- **PROVIDED DATA**
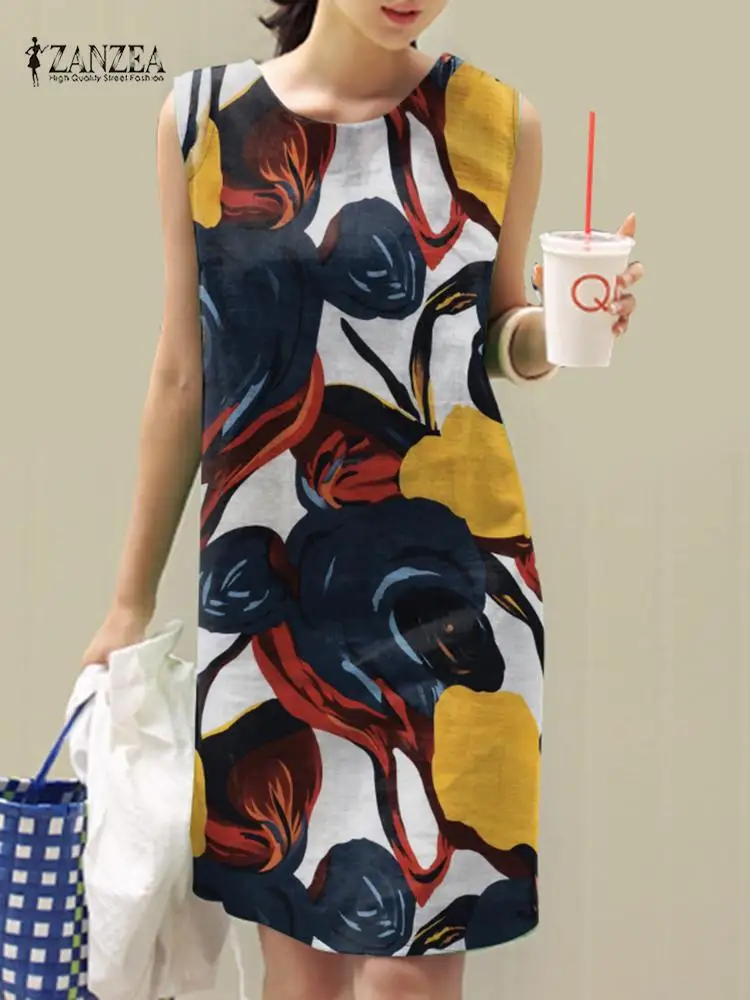 ZANZEA 2024 Summer Floral Dress Bohemian Printed Sundress Women Vintage O Neck Sleeveless Vestido Causal Robe Work Sarafans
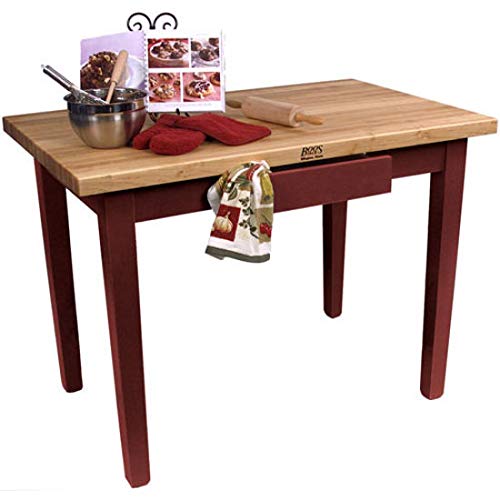 John Boos Maple Work Table Barn Red Base 48x30x1.75 Inch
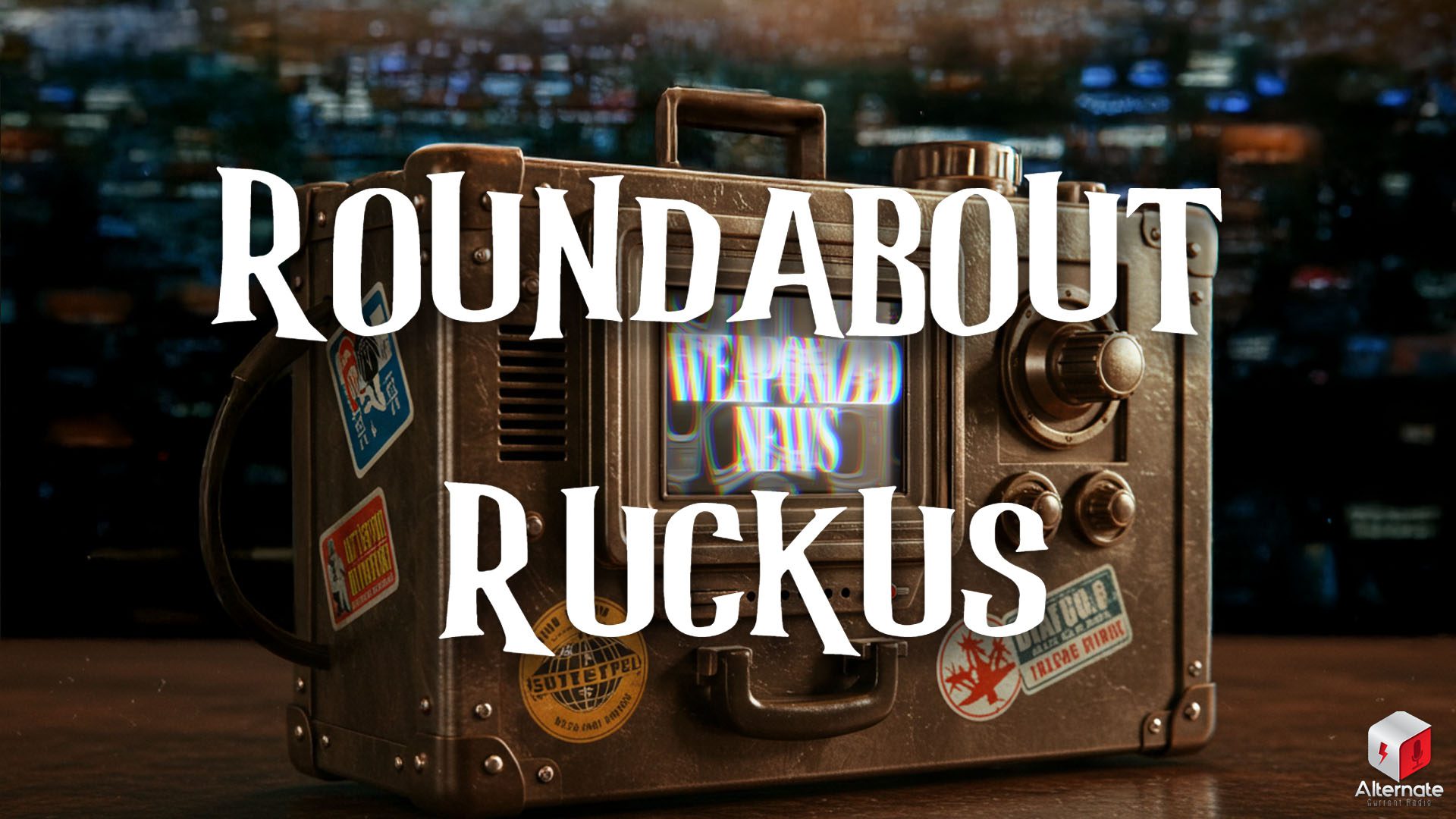 A device encased in a suitcase-like housing featuring a retro television screen, dials, and knobs sits on a hard wooden surface in a dimly lit setting.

- **EXERCISE**
All the material shown above is to be copied exactly, with no pictures carried over.

- **RESULT**
 ZANZEA 2024 Summer Floral Dress Bohemian Printed Sundress Women Vintage O Neck Sleeveless Vestido Causal Robe Work Sarafans
 John Boos Maple Work Table Barn Red Base 48x30x1.75 Inch
 A device encased in a suitcase-like housing featuring a retro television screen, dials, and knobs sits on a hard wooden surface in a dimly lit setting.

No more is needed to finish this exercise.